I am rebuilding a new docker image with each change on the config file so solr
starts fresh every time.
<requestHandler name="/dataimport" initParams="myInitParams"
class="solr.DataImportHandler">
<lst name="defaults">
<str name="update.chain">add-unknown-fields-to-the-schema</str>
<str name="config">solr-data-config.xml</str>
</lst>
</requestHandler>
still having document like such:
"response":{"numFound":8,"start":0,"docs":[
{
"id":"38822",
"_version_":1542264667720646656},
{
If add add the Body field using the Schema section of the Admin UI, This field
is getting indexed during the dataimport.
It seems that solr.DataImportHandler does not allow the
add-unknown-fields-to-the-schema update.chain.
Pierre
> On 10 Aug 2016, at 18:33, Alexandre Rafalovitch <[email protected]> wrote:
>
> Ok, to reduce the magic, you can just stick "update.chain" parameter
> inside the defaults of the dataimport handler directly.
>
> You can also pass it just as a URL parameter. That's what 'defaults'
> section mean.
>
> And, just to be paranoid, you did reload the core after each of those
> changes to test it? These are not picked up automatically.
>
> Regards,
> Alex.
> ----
> Newsletter and resources for Solr beginners and intermediates:
> http://www.solr-start.com/
>
>
> On 10 August 2016 at 18:28, Pierre Caserta <[email protected]> wrote:
>> It did not work,
>> I tried many things and ended up trying this:
>>
>> <requestHandler name="/dataimport" initParams="myInitParams"

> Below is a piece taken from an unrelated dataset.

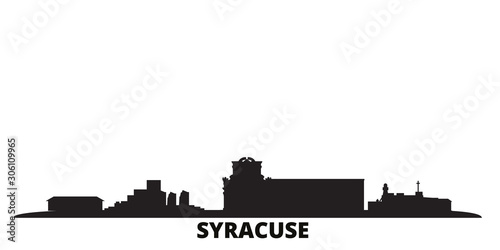 Italy, Syracuse city skyline isolated vector illustration. Italy, Syracuse travel cityscape with landmarks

>> class="solr.DataImportHandler">
>> <lst name="defaults">
>> <str name="config">solr-data-config.xml</str>
>> </lst>
>> </requestHandler>
>> <initParams name="myInitParams" path="/update/**,/dataimport">
>> <lst name="defaults">
>> <str name="update.chain">add-unknown-fields-to-the-schema</str>
>> </lst>
>> </initParams>
>>
>> Regards,
>> Pierre
>>
>>> On 10 Aug 2016, at 18:08, Alexandre Rafalovitch <[email protected]> wrote:
>>>
>>> Your initParams section does not apply to /dataimport handler as
>>> defined. Try modifying it to say:
>>> path="/update/**,/dataimport"
>>>
>>> Hopefully, that's all that takes.
>>>
>>> Managed schema is enabled by default, but schemaless mode is the next
>>> layer on top. With managed schema, you can use the API to add your
>>> fields (or new Admin UI in the Schema screen). With schemaless mode,
>>> it tries to guess the field type as it adds it automatically.
>>>
>>>
>>> Regards,
>>> Alex.
>>>
>>> ----
>>> Newsletter and resources for Solr beginners and intermediates:
>>> http://www.solr-start.com/
>>>
>>>
>>> On 10 August 2016 at 18:04, Pierre Caserta <[email protected]> wrote:
>>>> Hi Alex,
>>>> thanks for your answer.
>>>>
>>>> Yes my solrconfig.xml contains the add-unknown-fields-to-the-schema.
>>>>
>>>> <initParams path="/update/**">
>>>> <lst name="defaults">
>>>> <str name="update.chain">add-unknown-fields-to-the-schema</str>
>>>> </lst>
>>>> </initParams>
>>>>
>>>> I created my core using this command:
>>>>
>>>> curl
>>>> http://192.168.99.100:8999/solr/admin/cores?action=CREATE&name=solrexchange&instanceDir=/opt/solr/server/solr/solrexchange&configSet=data_driven_schema_configs_custom
>>>>
>>>> I am using the example configset data_driven_schema_configs and I simply
>>>> added:
>>>>
>>>> <lib dir="${solr.install.dir:../../../..}/dist/"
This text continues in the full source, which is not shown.